Lunatic Fortuna…進撃の巨人リヴァイ溺愛
第42章 深淵■
「おや、見慣れない顔だねぇ…上から来たの?」
ここへの入口付近。
深くフードを被っているのに、背格好で女だと見抜かれてしまったのか、大胆に顔を覗きこまれた。
無視して歩みを進めたのが気に入らなかったのか、ガッと肩を掴まれる。
「…なにか御用ですか?」
ルーナは振り向かずに止まり、至極冷静に言った。
するとその男以外の何人もの気配が周りから漂ってくるのを感じてフードの下から目線だけ動かす。

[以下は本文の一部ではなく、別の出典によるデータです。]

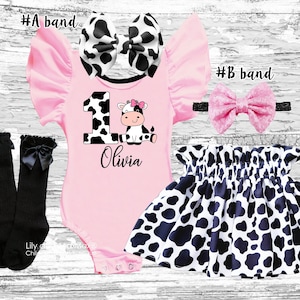 COW 1st birthday Girl Outfit, Farm animal COW baby girl skirt set, barnyard boho girl birthday, 1st birthday cow  smash cake outfit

「可愛い声してるね、姉ちゃん。だが安心しろ。入場料さえ置いていってくれりゃ手出しはしねぇよ…」
リヴァイが以前言っていた通りだと思った。
地下では、一に金、二に金、まずは金なのだ。
溜息を吐いたまま微動だにしないルーナの両肩を掴む男の背後に瞬時に回り込み、腕を折り曲げるようにしてひねりあげた。
「うおぁっ!!!」
よく見ると、他にも4人ほどの男に囲まれていることに気がついた。
「てめぇっ!!!」
横から飛びかかろうとしてきた男を足蹴りで追いやると、腰からナイフを取り出した。
「来ないで」
そう言って掴んでいた男の喉元にナイフを突きつけた。
周りの男たちが顔を強ばらせて動きを止める。
「女だからっていい気になりやがって…」
そう言って暴れようとする男を壁に押しやると、ナイフを首に這わせ、ツーっと傷を付ける。
「…ぐっ…んなっ?!…」
只者じゃないと思ったのか、男は力を抜き、周りの者たちも後ずさった。
「私…情が効くのはここまでかもしれない…」
別に男に言ったわけではなく、心の中の呟きが声に漏れただけだった。
しかし男は降参したように焦った顔を向けた。
「わ、わかったわかった。離してくれ。何もしない。」
ルーナが腕を離すと、男は向き直った。